▶ **PROBLEM**
Transcribe only what runs from the line containing "Ripple Single Pendant" through the final line below, exactly, and leave every picture out.

Scraped caption text data
■ ■ ■ ■

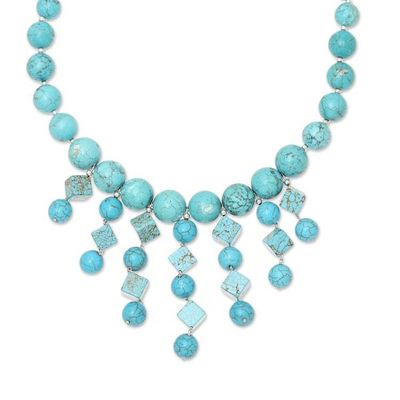 Alternate image for Handcrafted Blue Calcite Beaded Statement Necklace Royal Sea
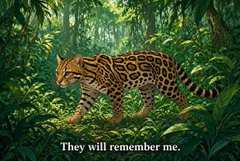 AI-generated image of an ocelot or small spotted wildcat walking through a lush green jungle, with the caption 'They will remember me.' displayed at the bottom.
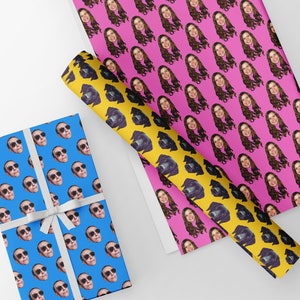 Personalised With ANY Face Wrapping Paper Funny Heads Print, Unique Novelty Gift Wrap Custom Birthday Gift Ideas for Friends and Family image 3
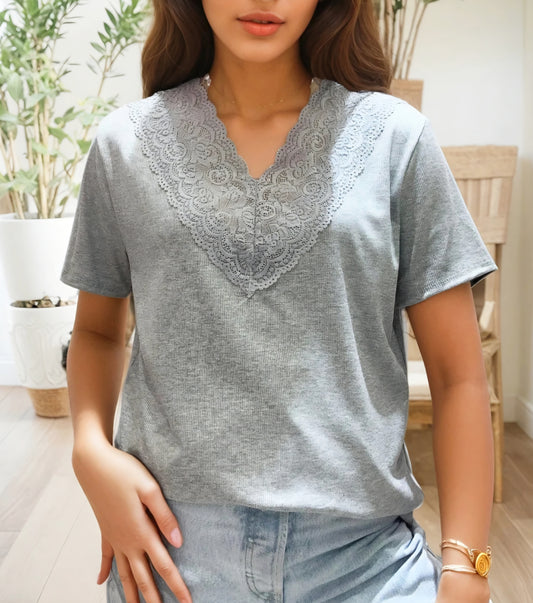 Extra stretchig Grå ribbad t-shirt/lång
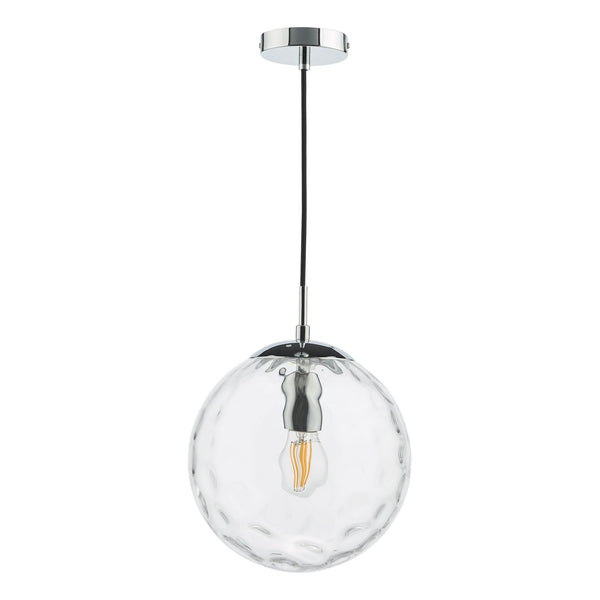 Ripple Single Pendant In Polished Chrome With Clear Ripple Glass Shade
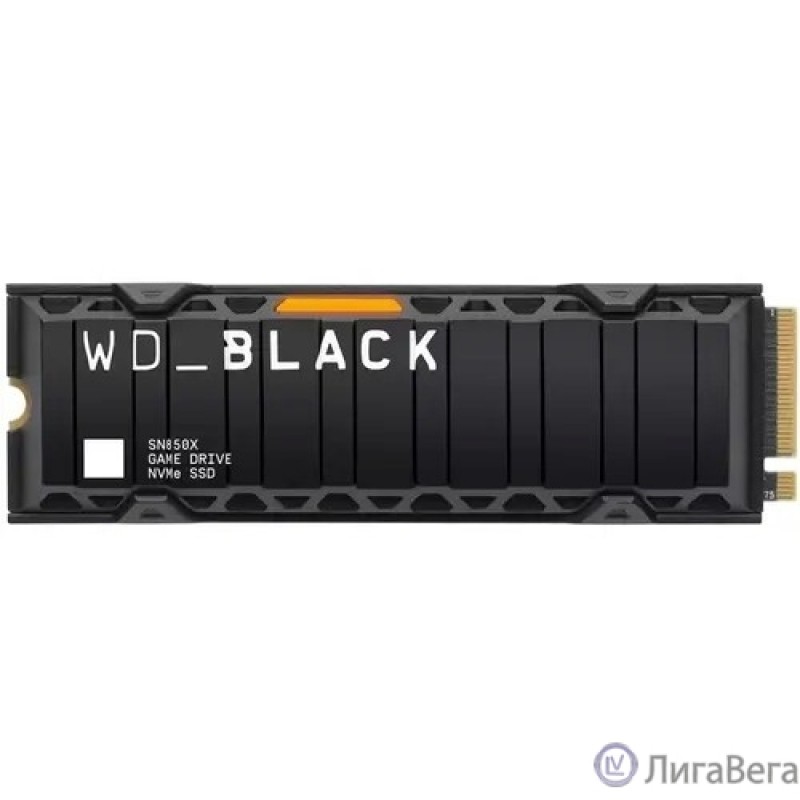 WD SSD Black SN850X, 1.0TB, M.2(22x80mm),[WDS100T2XHE] NVMe, PCIe 4.0 x4, 3D TLC, R/W 7300/6300MB/s, IOPs 800 000/1 100 000, TBW 600, DWPD 0.3, with Heat Spreader (12 мес.)
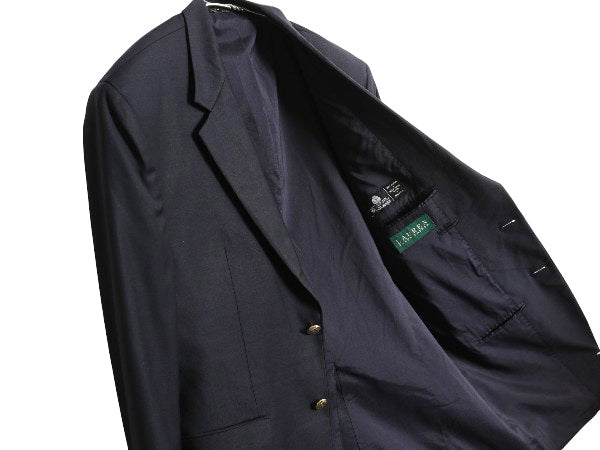 ローレン ラルフローレン テーラード ジャケット メンズ M 程/ ポロ スーツ 紺ブレ ブレザー サマー ウール 金ボタン きれいめ トラッド 紺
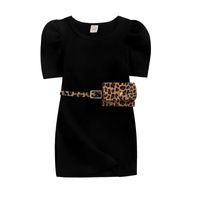 Simple Style Solid Color Leopard Cotton Girls Dresses main image 2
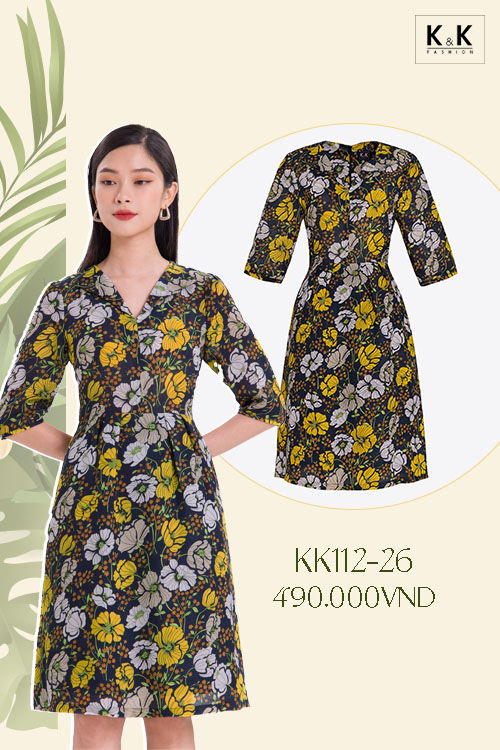 Đầm hoa công sở nữ dáng chữ A KK112-26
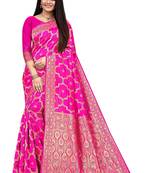 Women's Banarasi Silk Blend Saree With Unstiched Blouse Piece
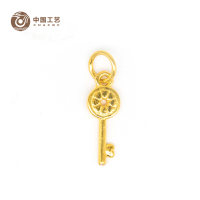 中国工艺 足金饰品3D硬金吊坠 钥匙款 女士金项链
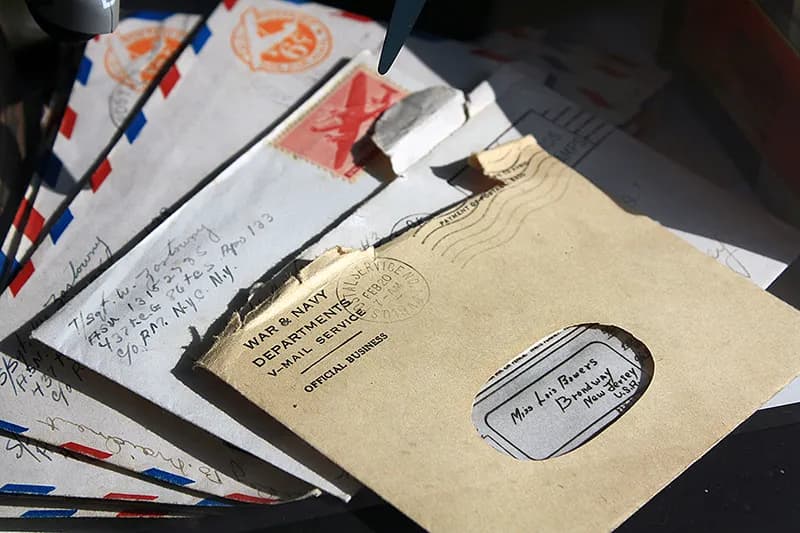 Des enveloppes de courrier ouvertes sur un bureau, illustrant la collecte d'adresses email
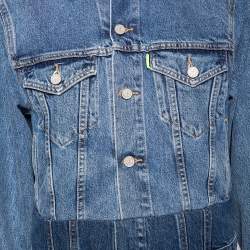 Pre Owned Vetements x Levi's Blue & Pink Hooded Denim Button Front Jacket S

■ ■ ■ ■

▶ **COMPLETED EXERCISE**
 Ripple Single Pendant In Polished Chrome With Clear Ripple Glass Shade
 WD SSD Black SN850X, 1.0TB, M.2(22x80mm),[WDS100T2XHE] NVMe, PCIe 4.0 x4, 3D TLC, R/W 7300/6300MB/s, IOPs 800 000/1 100 000, TBW 600, DWPD 0.3, with Heat Spreader (12 мес.)
 ローレン ラルフローレン テーラード ジャケット メンズ M 程/ ポロ スーツ 紺ブレ ブレザー サマー ウール 金ボタン きれいめ トラッド 紺
 Simple Style Solid Color Leopard Cotton Girls Dresses main image 2
 Đầm hoa công sở nữ dáng chữ A KK112-26
 Women's Banarasi Silk Blend Saree With Unstiched Blouse Piece
 中国工艺 足金饰品3D硬金吊坠 钥匙款 女士金项链
 Des enveloppes de courrier ouvertes sur un bureau, illustrant la collecte d'adresses email
 Pre Owned Vetements x Levi's Blue & Pink Hooded Denim Button Front Jacket S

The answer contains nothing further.